Отсюда понятно, почему работа Добренко выполнена не в методике литературоведения, а социологии культуры — столь модной в современной гуманитарии, понятно также, почему ролан-бартовская “смерть автора” здесь приходится как раз впору: “реальным автором художественной продукции выступает собственно власть”. Мы движемся от революционных утопий Гастева и подобных, через горы депрофессионализированной “идеологической графомании” (этих выбросов “субкультурной магмы”) к “комсомольской поэзии”, “призыву ударников в литературу”, “бригадному методу”, “учебе у классиков ” и, наконец, — к созданию безотказной машины по производству и воспроизводству “мастеров”. Движемся через поднятый ворох “основополагающих” и экзотических текстов, большинство из которых, однако, — манифесты, постановления, дискуссионная грызня на коротком поводке. Впрочем, и “художественные иллюстрации” красноречивы: стихи работницы ткацкой фабрики как модель для стихов Даниила Хармса (стр. 356).
Огромный труд Добренко стбоит одоления и осмысления, а некоторые афористические формулировки содержат зародыши целых теорий. Например: эстетическая программа соцреализма сводилась к преодолению модернизма как попытке “выскочить из истории”, — это очень глубокая мысль. Она может быть распространена на советский строй в целом.
Николай Любимов. Неувядаемый цвет. Книга воспоминаний. Том 1. М., “Языки русской культуры”, 2000, 411 стр.
При чтении этих воспоминаний, хронология которых совпадает с хронологическими рамками труда Е. Добренко, слегка рассеивается гипноз сколь угодно продуктивных социологических схем. Возвращаешься к мысли, что история культуры — это все-таки история людей.
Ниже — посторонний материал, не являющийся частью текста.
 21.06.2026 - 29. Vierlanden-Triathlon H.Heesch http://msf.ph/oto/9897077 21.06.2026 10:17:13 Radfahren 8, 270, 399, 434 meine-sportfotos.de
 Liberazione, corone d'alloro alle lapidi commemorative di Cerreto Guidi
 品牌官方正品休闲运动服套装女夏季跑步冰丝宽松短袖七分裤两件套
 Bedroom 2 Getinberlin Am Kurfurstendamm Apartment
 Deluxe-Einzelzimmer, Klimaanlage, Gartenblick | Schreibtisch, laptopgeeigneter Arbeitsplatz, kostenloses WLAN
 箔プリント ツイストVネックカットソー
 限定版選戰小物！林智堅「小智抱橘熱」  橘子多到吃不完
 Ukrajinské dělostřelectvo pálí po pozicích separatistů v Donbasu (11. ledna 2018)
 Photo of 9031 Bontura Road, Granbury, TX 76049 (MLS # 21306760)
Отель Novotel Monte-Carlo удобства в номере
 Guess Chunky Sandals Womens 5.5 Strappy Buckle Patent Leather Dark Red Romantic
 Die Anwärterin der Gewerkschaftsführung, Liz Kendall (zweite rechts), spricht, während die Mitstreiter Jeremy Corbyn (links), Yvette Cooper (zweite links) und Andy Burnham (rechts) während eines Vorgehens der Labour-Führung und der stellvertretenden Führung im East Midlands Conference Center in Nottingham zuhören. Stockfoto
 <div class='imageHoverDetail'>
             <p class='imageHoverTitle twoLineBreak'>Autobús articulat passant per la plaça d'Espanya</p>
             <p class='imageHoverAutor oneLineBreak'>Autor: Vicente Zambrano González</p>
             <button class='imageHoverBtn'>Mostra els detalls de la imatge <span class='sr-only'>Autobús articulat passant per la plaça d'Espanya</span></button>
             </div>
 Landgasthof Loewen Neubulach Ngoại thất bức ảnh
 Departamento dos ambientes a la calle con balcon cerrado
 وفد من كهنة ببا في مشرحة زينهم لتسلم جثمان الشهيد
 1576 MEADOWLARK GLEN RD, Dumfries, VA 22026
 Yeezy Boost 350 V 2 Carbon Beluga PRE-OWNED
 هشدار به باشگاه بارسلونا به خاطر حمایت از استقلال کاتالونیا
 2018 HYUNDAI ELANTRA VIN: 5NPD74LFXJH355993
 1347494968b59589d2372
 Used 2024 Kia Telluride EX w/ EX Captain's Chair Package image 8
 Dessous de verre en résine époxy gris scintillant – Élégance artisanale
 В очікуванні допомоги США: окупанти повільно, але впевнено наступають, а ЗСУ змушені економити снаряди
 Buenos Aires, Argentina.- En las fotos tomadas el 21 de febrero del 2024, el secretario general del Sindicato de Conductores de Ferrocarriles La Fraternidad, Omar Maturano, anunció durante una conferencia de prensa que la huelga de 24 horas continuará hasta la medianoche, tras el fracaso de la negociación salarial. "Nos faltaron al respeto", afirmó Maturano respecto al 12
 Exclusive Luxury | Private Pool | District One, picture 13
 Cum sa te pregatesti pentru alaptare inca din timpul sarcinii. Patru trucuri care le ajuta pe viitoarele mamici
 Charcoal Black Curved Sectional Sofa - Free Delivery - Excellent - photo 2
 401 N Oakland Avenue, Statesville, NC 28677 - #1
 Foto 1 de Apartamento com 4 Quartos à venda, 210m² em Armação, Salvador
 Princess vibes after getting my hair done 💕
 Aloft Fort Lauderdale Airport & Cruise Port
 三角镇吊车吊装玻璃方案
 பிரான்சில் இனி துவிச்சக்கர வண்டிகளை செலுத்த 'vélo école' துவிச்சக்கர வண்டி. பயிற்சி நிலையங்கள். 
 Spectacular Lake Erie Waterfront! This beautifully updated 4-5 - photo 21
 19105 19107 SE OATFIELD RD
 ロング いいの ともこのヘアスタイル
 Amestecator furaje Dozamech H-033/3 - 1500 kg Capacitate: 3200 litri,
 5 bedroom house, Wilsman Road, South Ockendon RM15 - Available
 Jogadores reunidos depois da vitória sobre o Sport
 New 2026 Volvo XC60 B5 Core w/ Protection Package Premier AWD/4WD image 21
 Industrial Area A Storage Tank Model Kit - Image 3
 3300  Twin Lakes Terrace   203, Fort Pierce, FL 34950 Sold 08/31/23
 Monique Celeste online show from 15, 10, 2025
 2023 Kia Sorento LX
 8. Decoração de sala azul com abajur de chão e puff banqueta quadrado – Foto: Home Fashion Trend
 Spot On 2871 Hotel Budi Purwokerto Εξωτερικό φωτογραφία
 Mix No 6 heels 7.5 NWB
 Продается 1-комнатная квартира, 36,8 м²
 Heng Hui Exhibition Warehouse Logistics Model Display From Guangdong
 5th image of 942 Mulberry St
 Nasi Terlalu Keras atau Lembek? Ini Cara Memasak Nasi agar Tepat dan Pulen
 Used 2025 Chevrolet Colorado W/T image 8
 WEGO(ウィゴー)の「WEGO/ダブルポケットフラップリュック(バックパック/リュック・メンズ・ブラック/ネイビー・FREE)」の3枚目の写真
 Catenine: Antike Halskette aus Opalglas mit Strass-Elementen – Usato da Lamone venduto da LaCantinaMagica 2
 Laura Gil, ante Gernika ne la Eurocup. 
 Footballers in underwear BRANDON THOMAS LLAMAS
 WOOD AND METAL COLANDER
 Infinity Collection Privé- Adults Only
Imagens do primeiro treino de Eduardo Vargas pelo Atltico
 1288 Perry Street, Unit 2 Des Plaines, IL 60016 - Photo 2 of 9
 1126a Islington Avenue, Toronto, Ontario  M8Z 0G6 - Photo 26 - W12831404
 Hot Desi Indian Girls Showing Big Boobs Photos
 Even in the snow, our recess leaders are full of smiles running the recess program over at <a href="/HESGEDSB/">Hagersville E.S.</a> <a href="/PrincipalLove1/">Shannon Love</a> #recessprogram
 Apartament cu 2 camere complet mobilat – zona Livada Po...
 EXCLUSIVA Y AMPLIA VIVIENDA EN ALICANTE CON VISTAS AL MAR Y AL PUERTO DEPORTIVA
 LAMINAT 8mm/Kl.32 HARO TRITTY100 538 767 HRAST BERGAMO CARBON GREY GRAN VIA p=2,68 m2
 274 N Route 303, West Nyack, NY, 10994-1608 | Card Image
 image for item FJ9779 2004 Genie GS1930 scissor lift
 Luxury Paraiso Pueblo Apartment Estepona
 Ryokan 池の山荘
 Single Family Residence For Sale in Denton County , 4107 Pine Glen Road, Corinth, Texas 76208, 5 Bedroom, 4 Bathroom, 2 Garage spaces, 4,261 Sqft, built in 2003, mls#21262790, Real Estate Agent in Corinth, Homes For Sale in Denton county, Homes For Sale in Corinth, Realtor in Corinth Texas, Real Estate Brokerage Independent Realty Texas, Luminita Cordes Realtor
Сын Николая Михайловича (1912 — 1992), театровед и философ Б. Н. Любимов, свое краткое послесловие о генеалогии Любимовых (потомственное духовенство с отцовской и знатное семейство с материнской стороны), о внутреннем плане книги, писавшейся “вразнобой”, и о печатании отрывков из нее в толстых журналах назвал “Несовременник”. Он имеет в виду “сверхвременнбые” и “сверхпространственные” источники, питавшие личность Н. М. Любимова — непревзойденного переводчика Рабле и Сервантеса, Боккаччо, Доде и Пруста — и, как оказалось, превосходного писателя-мемуариста. А между тем — все же “современник”. Современник не только таких людей, как старуха Ермолова (чья дочь была крестной матерью Н. М.), Т. Л . Щепкина-Куперник (из ее mots — о прозе Бабеля: “У него парик, искусственный румянец и фальшивые зубы”), Н. А. Обухова, адвокат Н. М. Коммодов, прославившийся бесстрашием на идеологических процессах, — людей, которые могли бы сказать о себе словами мемуариста: “Мы пленники, но не рабы”. Но и благодарный современник тех, кто сказать этого о себе с полным правом не мог: Э. Багрицкого, А. Воронского, Вяч. Полонского, которого как редактора Любимов ставит даже выше Твардовского; “лучшего из критиков послереволюционного времени” А. Лежнева. Если для Добренко последние трое — не более чем функционеры, то для Любимова они — талантливые родовспомогатели настоящей литературы, люди с личным обаянием и личной трагедией, — и душа больше лежит к такому вердикту.